Alfred Marshall introduced the concept of elasticity in Book III, Chapter 4 of Principles of Economics (1890). He defined it as the ratio of the percentage change in quantity demanded to the percentage change in price and used it to analyze tax incidence, monopoly pricing, and international trade.

The concept was refined throughout the 20th century. Hicks and Allen (1934) developed the Slutsky decomposition into substitution and income effects, grounding elasticity in utility theory. The distinction between Marshallian (uncompensated) and Hicksian (compensated) elasticity became standard.

In macroeconomics, elasticity concepts played a central role in the Keynesian-monetarist debate. The interest elasticity of money demand (liquidity preference) and the interest elasticity of investment were key parameters in debates about the effectiveness of fiscal vs. monetary policy.

In international trade, the Marshall-Lerner condition (combining export and import demand elasticities) determines whether a currency devaluation improves the trade balance.
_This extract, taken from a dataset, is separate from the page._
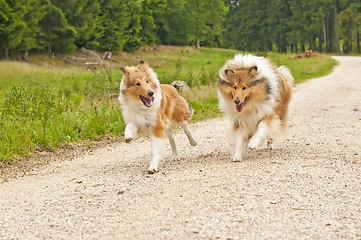 Image showing collie dogs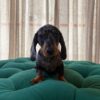Ben - Dachshund - Image 3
Empirical estimation of demand elasticities became a major research program, pioneered by Stone (1954) with the Linear Expenditure System and extended by Deaton and Muellbauer (1980) with the Almost Ideal Demand System.

Bibliography [Master]

  1. Marshall, A. (1890). Principles of Economics. Macmillan. Book III, Chapter 4.
  2. Hicks, J. R., & Allen, R. G. D. (1934). "A Reconsideration of the Theory of Value." Economica, 1(1), 52-76.
  3. Deaton, A., & Muellbauer, J. (1980). Economics and Consumer Behavior. Cambridge University Press.
  4. Kahneman, D., & Tversky, A. (1979). "Prospect Theory: An Analysis of Decision under Risk." Econometrica, 47(2), 263-292.
  5. Stone, J. R. N. (1954). "Linear Expenditure Systems and Demand Analysis." Economic Journal, 64(255), 511-527.